### Action item
Exact reproduction of the listing is required. Pictures are not reproduced.

### Source data
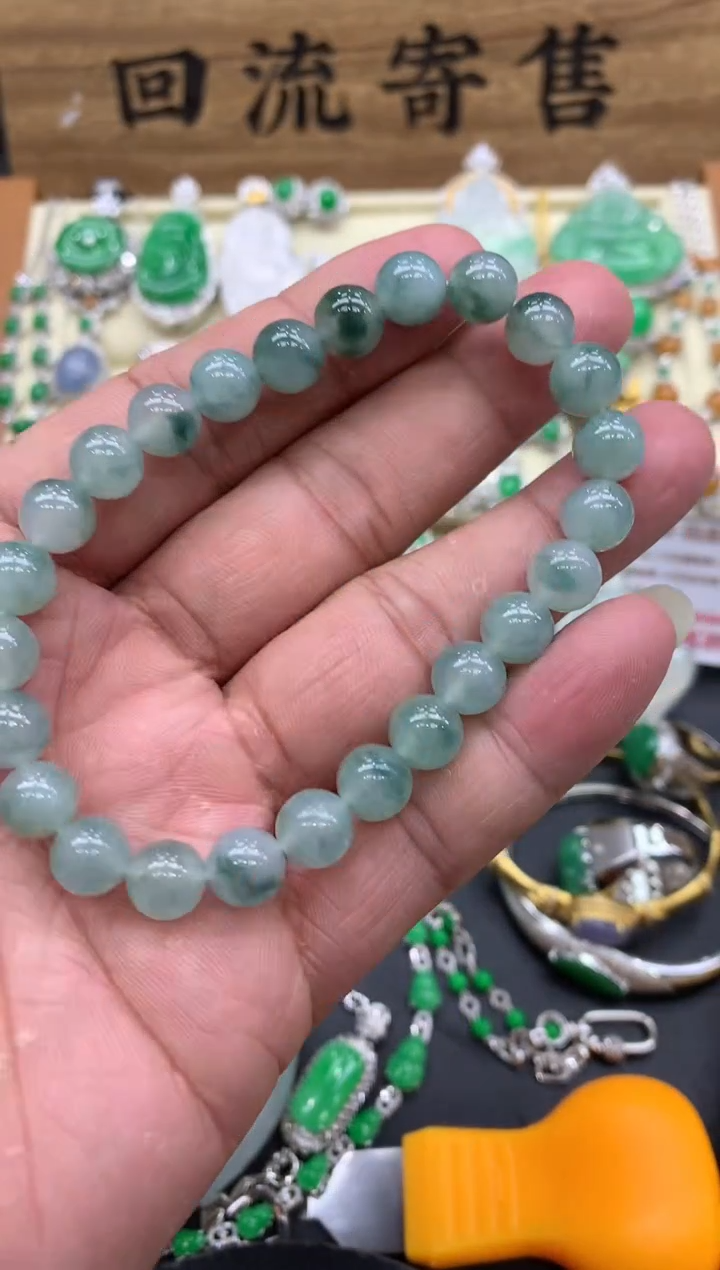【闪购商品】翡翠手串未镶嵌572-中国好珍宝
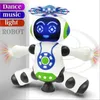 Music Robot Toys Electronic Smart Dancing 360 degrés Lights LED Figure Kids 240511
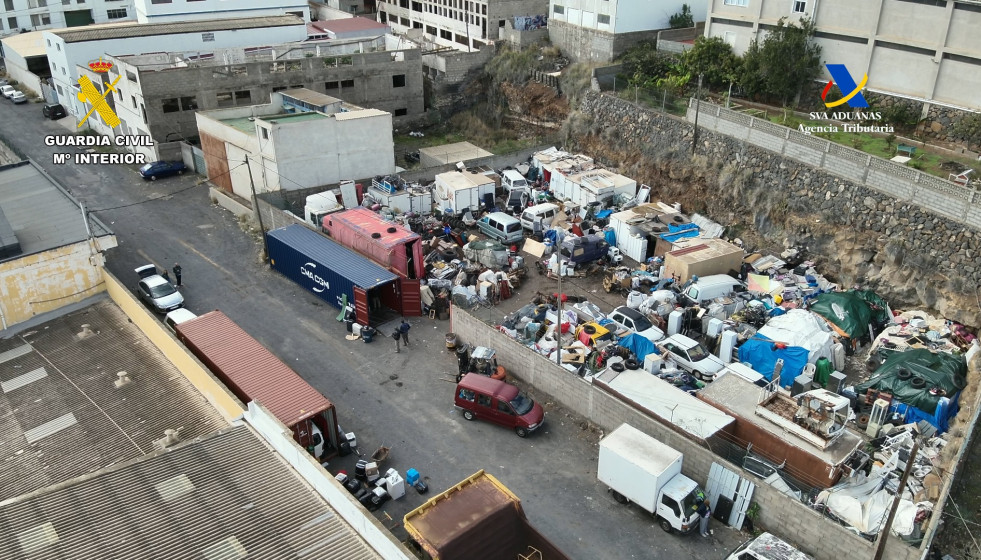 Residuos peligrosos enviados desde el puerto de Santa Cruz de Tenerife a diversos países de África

### Answer section
【闪购商品】翡翠手串未镶嵌572-中国好珍宝
 Music Robot Toys Electronic Smart Dancing 360 degrés Lights LED Figure Kids 240511
 Residuos peligrosos enviados desde el puerto de Santa Cruz de Tenerife a diversos países de África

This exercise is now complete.